Boston Red Sox Fire Dave Dombrowski

BOSTON, MA - OCTOBER 31: Red Sox General Manager Dave Dombrowski address fans at Fenway Park before the Boston Red Sox Victory Parade on October 31, 2018 in Boston, Massachusetts. The Boston Red Sox defeated the Los Angeles Dodgers to win the 2018 World Series. (Photo by Omar Rawlings/Getty Images)

Sometimes job security in sports is similar to a roller coaster at an amusement park. The most recent example of that came Sunday night with Dave Dombrowski.

The president of baseball operations for the Boston Red Sox has officially been fired as noted by Chris Cotillo. Despite a World Series title and a contract running through the 2020 season, financial issues have forced Dombrowski out of office. This all comes on the heels of a 10-5 loss to the New York Yankees.

Boston Red Sox Fire Dave Dombrowski

All-In mentality 

When it’s all boiled down, it’s no surprise that Dombrowski took on the all-or-nothing mentality. Initially hired in 2015, Dombrowski was destined to take the Red Sox back to the promised land. He did so in the same manner that he did with the Florida Marlins back in 1997 — winning a World Series title.

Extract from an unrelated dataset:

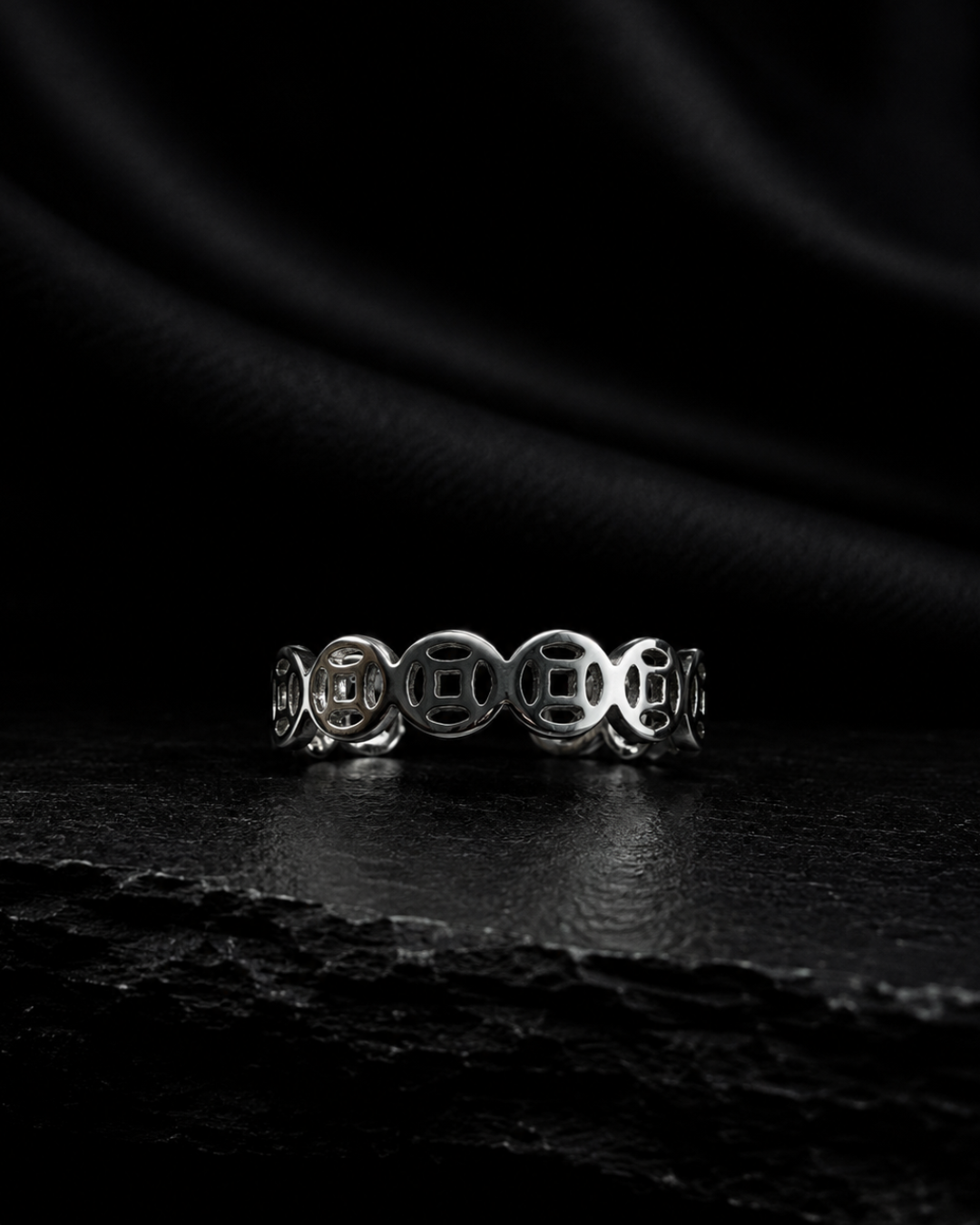 Interlocking Fortune Disc Band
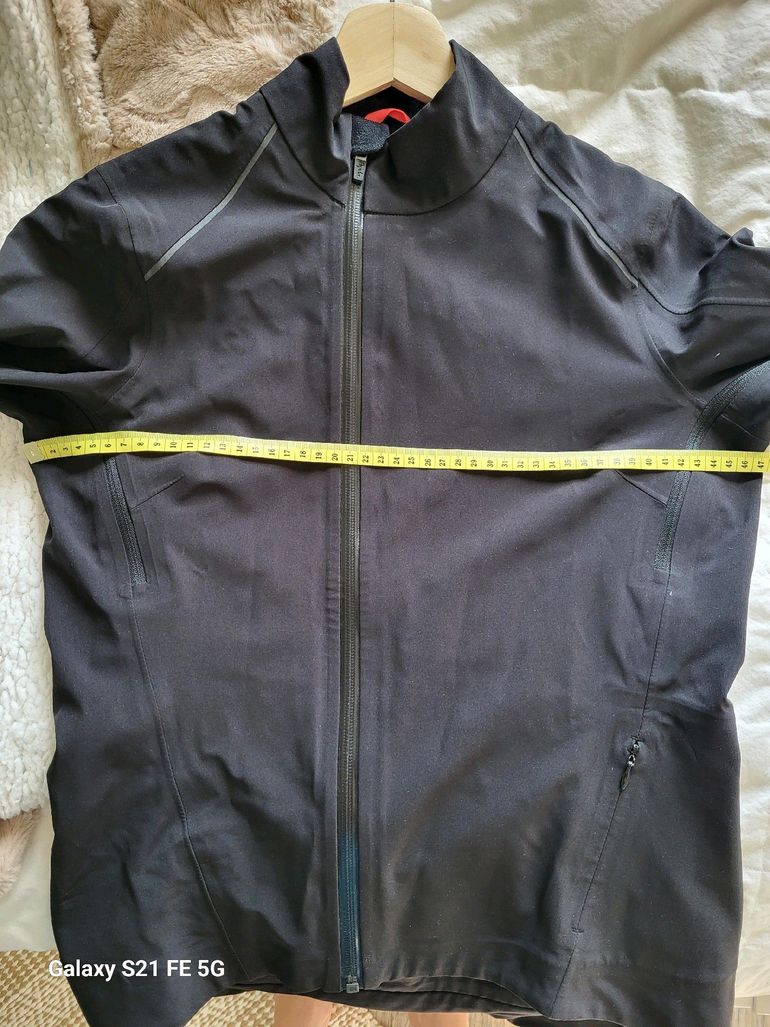 Rapha Womens Classic Winter Jacket 2024 bike usato — immagine 8 di 10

Dombrowski also captured a pair of World Series appearances with the Montreal Expos and Detroit Tigers.

Dombrowski has been one of the few individuals to send three teams to the World Series. Ever since his induction into the Red Sox ball club, Dombrowski has seemingly done exactly what Boston executives wanted. Under his leadership, the Red Sox acquired David Price, Chris Sale, and Craig Kimbrel, among others. His pursuit of the all-or-nothing theme led to Boston opening the 2019 season with the largest payroll in baseball. That number would end up to be $236 million.

That included a $217 million deal for Price, who still has three years and $96 million left on the books. Nathan Eovaldi was granted a $68 million deal over four years as well. Dombrowski was also instrumental in bringing in Sale and his now $145 million extension that begins next season.

Where It’s Gone Wrong

On the initial surface of it all, it looked like Dombrowski was perfect in his pursuits. He won three consecutive division titles for the first time in franchise history. He also orchestrated a franchise-best 108 wins, the highest amount for a World Series victor.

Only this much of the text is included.